All it took was for Jay-Den to see the problem from a Klingon male’s perspective instead of through the eyes of an abandoned boy who had accepted the mercy of Starfleet when he enrolled in Starfleet Academy. He had to wage an internal battle for his own future to understand the battle his people needed to fight for their shared future. In this way, Episode 4 is perhaps the most Star Trek-like episode of the series so far.
If the first five minutes of the show had been removed, featuring Chancellor Ake’s nebula address and The Doctor’s erroneous quotation of Judge Aaron Satie, I think this episode would have had a chance to turn things around. I also think the series is almost out of last chances. Before they release any future episodes, I hope the production team looks at what they are airing to double-check that these rookie editing and storytelling errors don’t continue to dog the series, because Starfleet Academy will have no hope of survival if Episode 5 continues down this path.
Final Thoughts
So, Starfleet Academy, these are my thoughts on the storytelling and writing choices that we see in Episode 4. I know not everyone is going to agree with me, and that’s okay. Some people are going to love this series. Some people are going to hate it. And, others like me are likely to keep questioning it.

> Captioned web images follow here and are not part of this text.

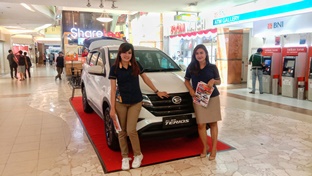 Terios X merupakan mobil SUV mini termurah saat ini dan paling laris di Riau (foto/bayu)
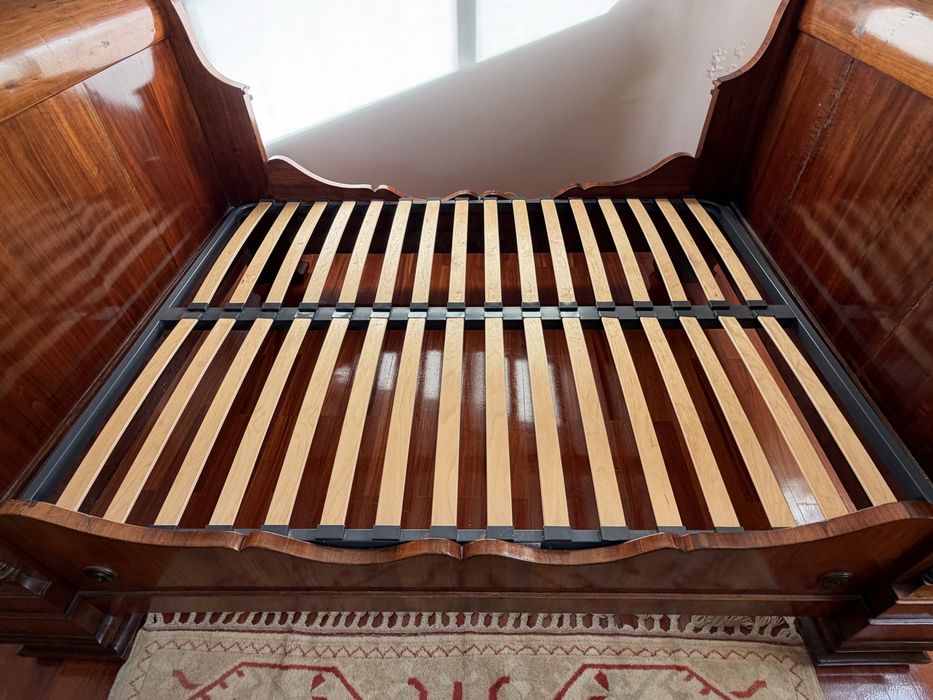 Vendo  cama de casal antiga estilo Imperio, madeira maciça.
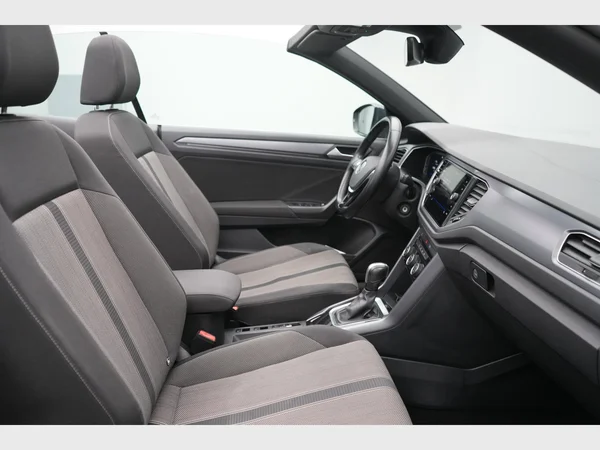 VOLKSWAGEN T-Roc Cabriolet (2021) — foto 8 van 23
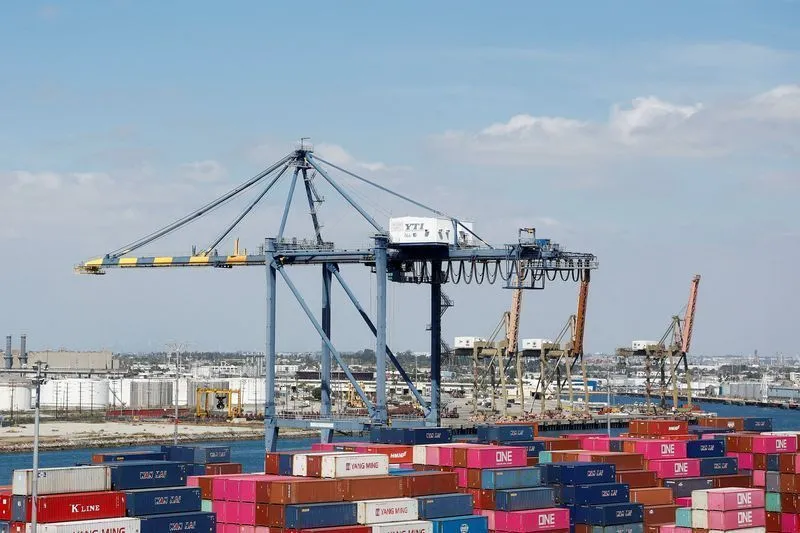 Navio cargueiro no porto com contêineres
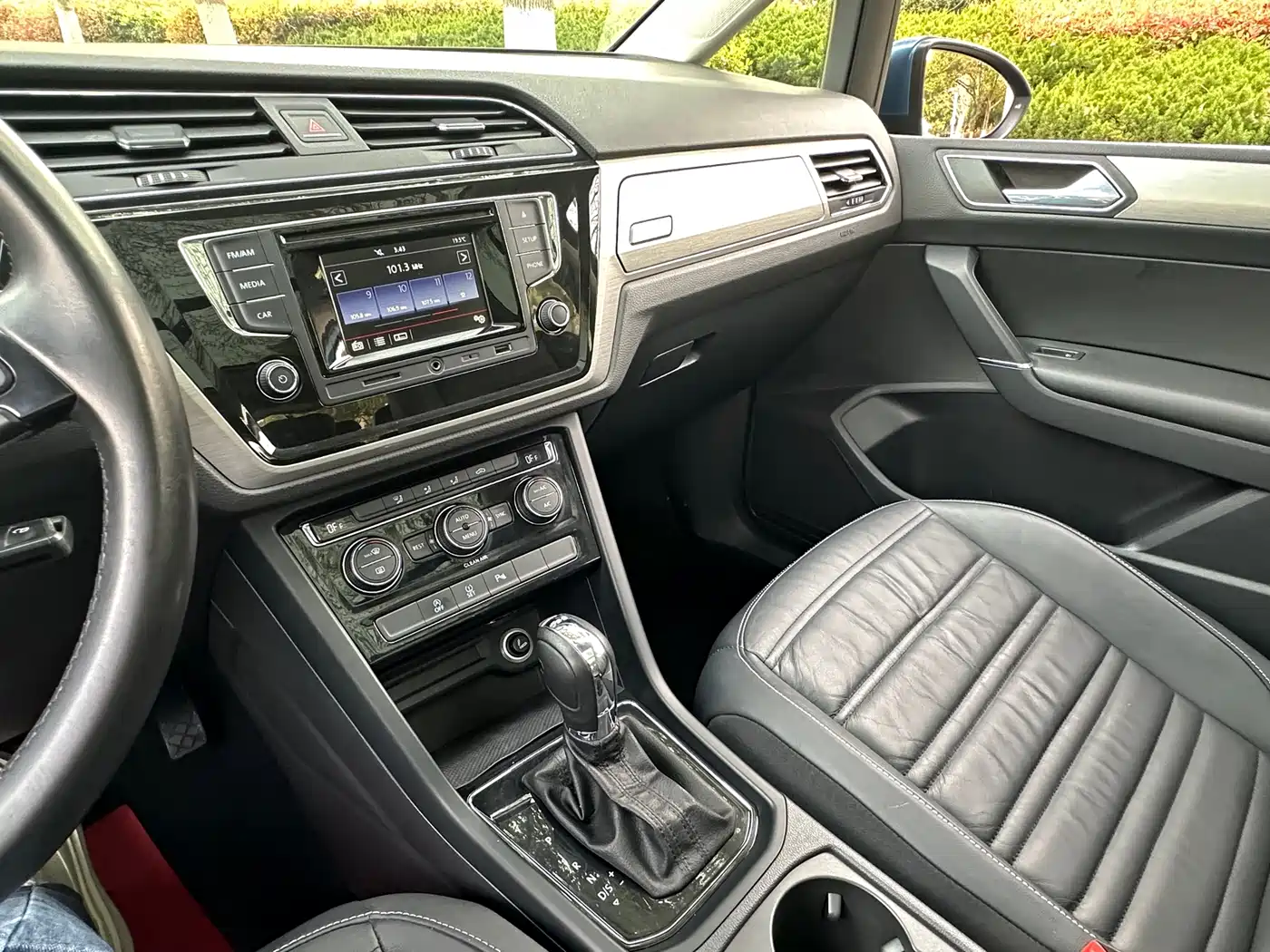 Volkswagen Touran 2016 Touran L 280TSI DSG Elegance фото 17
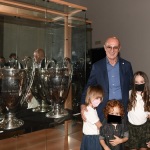 Foto Nicoloro G.   02/09/2021   Fusignano ( Ra )   Inaugurazione della mostra dedicata ad Arrigo Sacchi dal titolo  ' Oltre il sogno. L' emozione del calcio totale di Arrigo Sacchi '. nella foto Arrigo Sacchi con i tre nipotini davanti alla vetrina con due coppe del Milan.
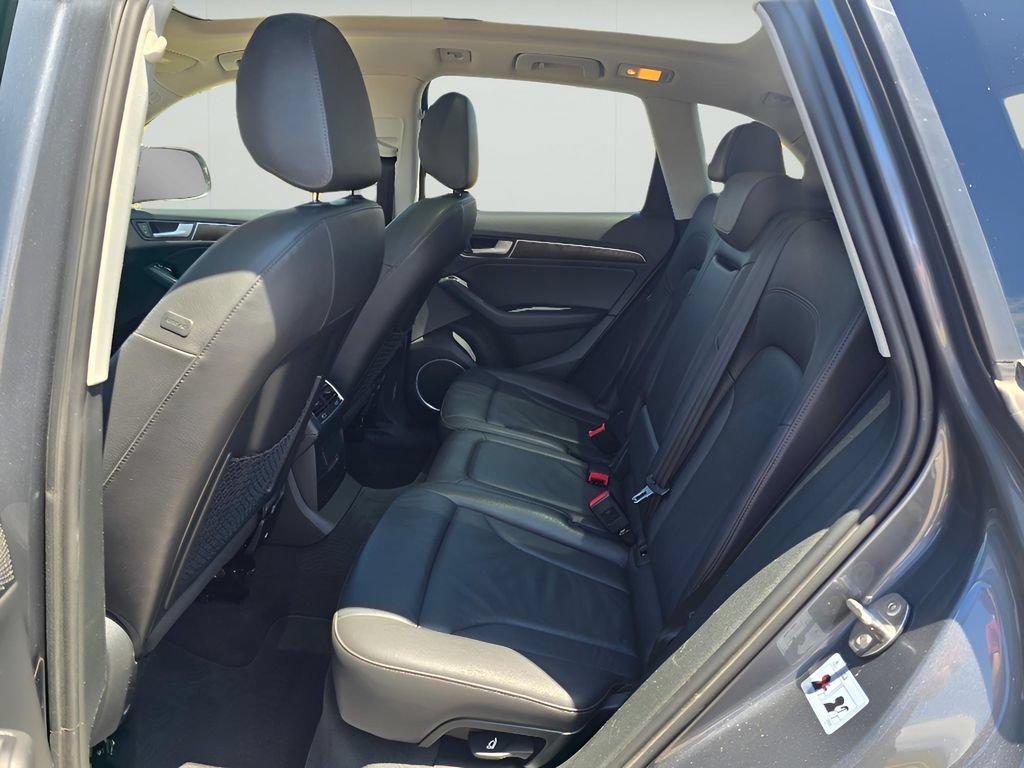 Used 2015 Audi Q5 2.0T Premium Plus w/ Technology Package AWD/4WD image 11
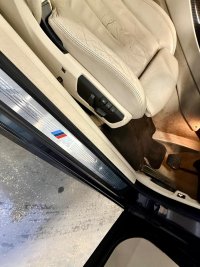 BMW 6 SERIES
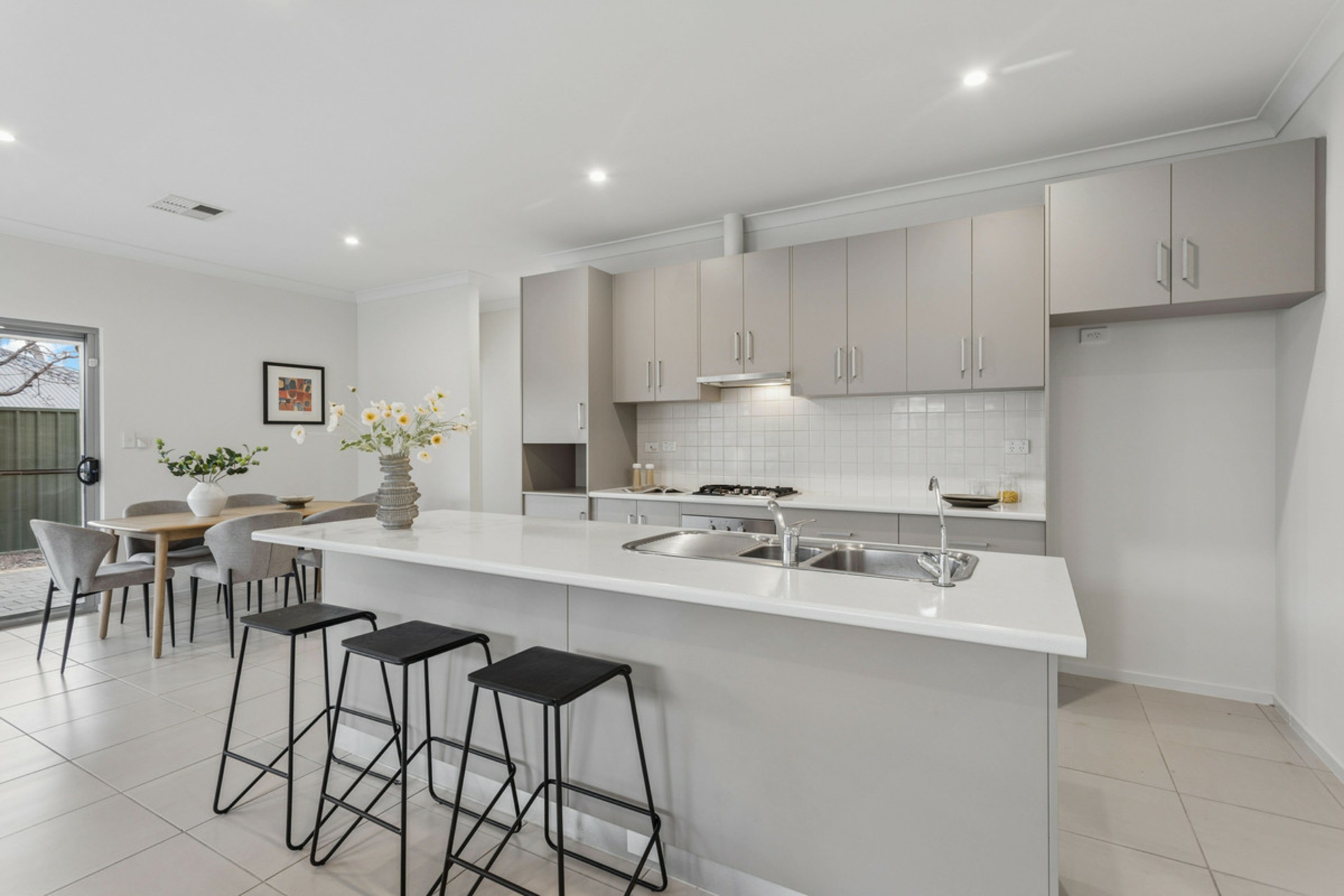 13 East Avenue — photo 6 of 18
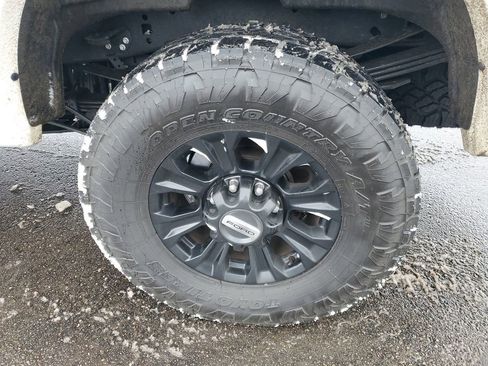 Used 2022 Ford F250 Lariat w/ Tremor Off-Road Package image 33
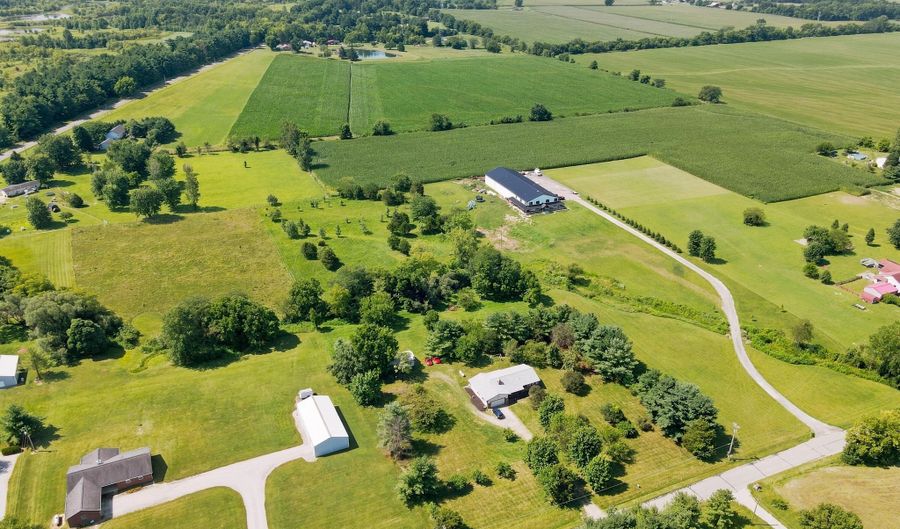 7827 Duvall Rd, Ashville, OH 43103 - 3 Beds, 2 Bath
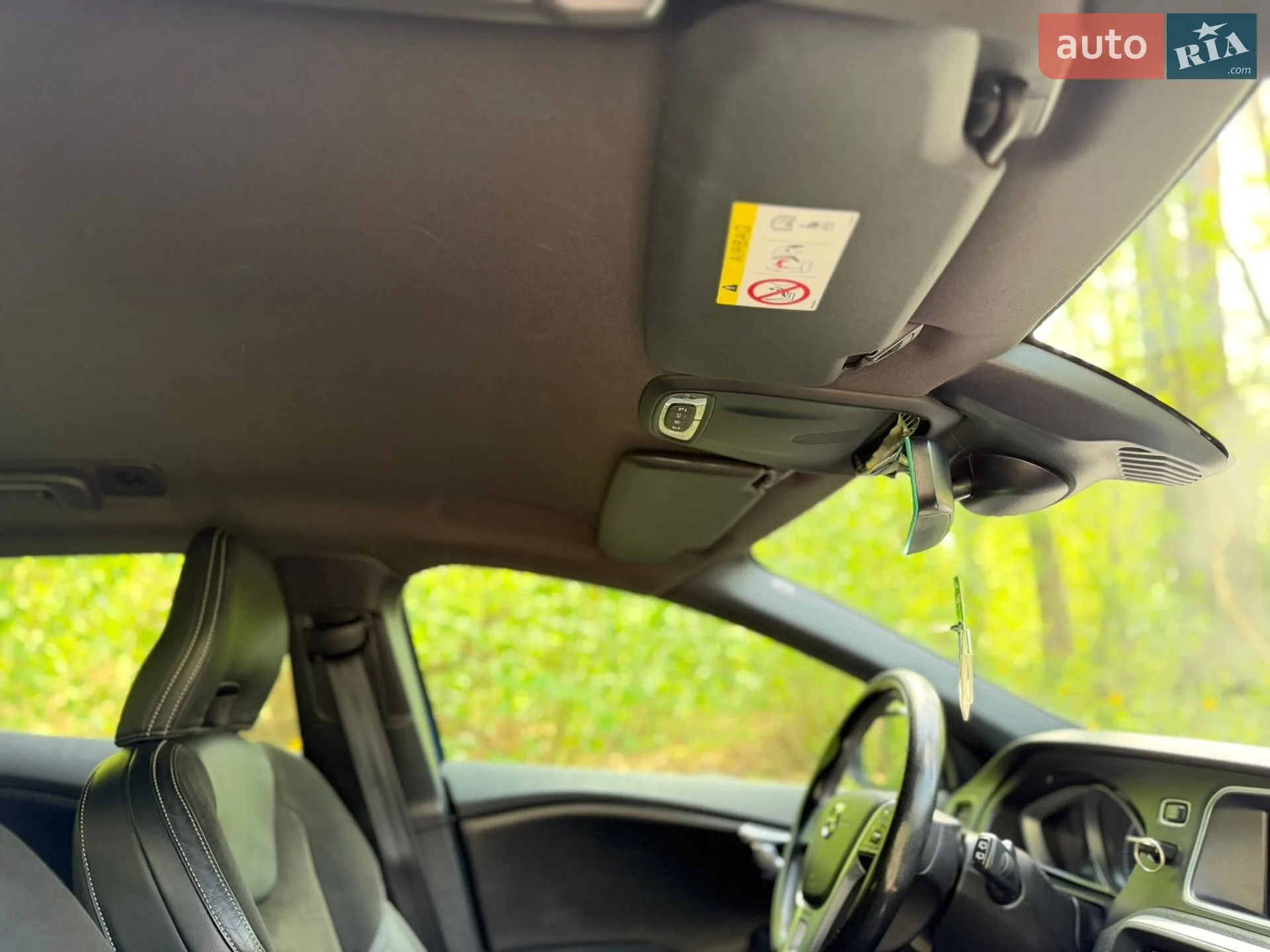 Volvo V40 2017 VIN YV1MV7981J2487329 фото оголошення 46 з 48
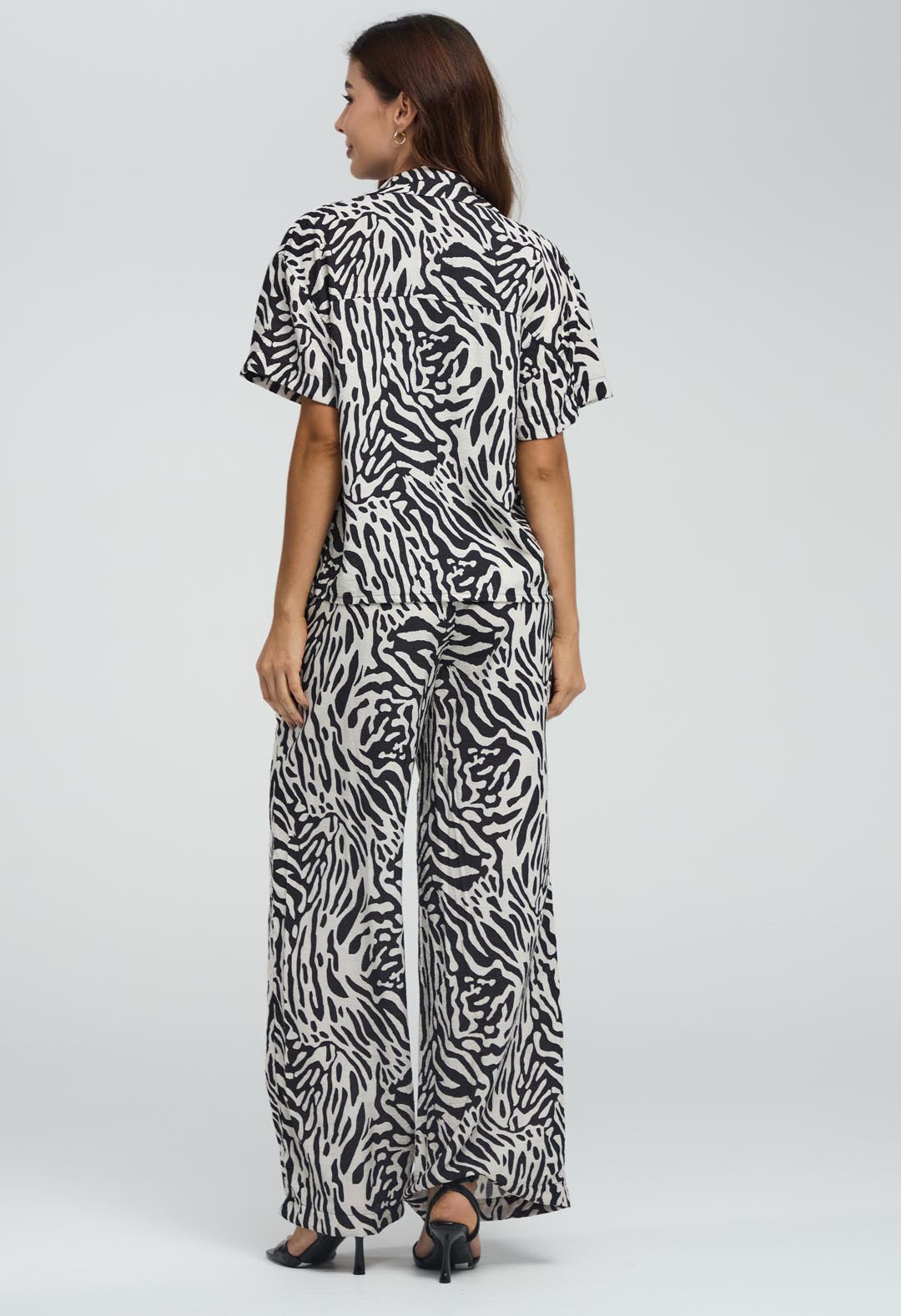 Pantalón negro full print para mujeres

Whatever your reaction, I would love to hear it in the comments below because I think Starfleet Academy is a prime example of the dangers that new streaming series face in the age of AI as less experienced writers take over long loved IPs and production crews are forced to make post production edits to appease social media sensitive studio heads who don’t understand their own audiences or the products they are creating. And that’s a shame, because there’s real potential here.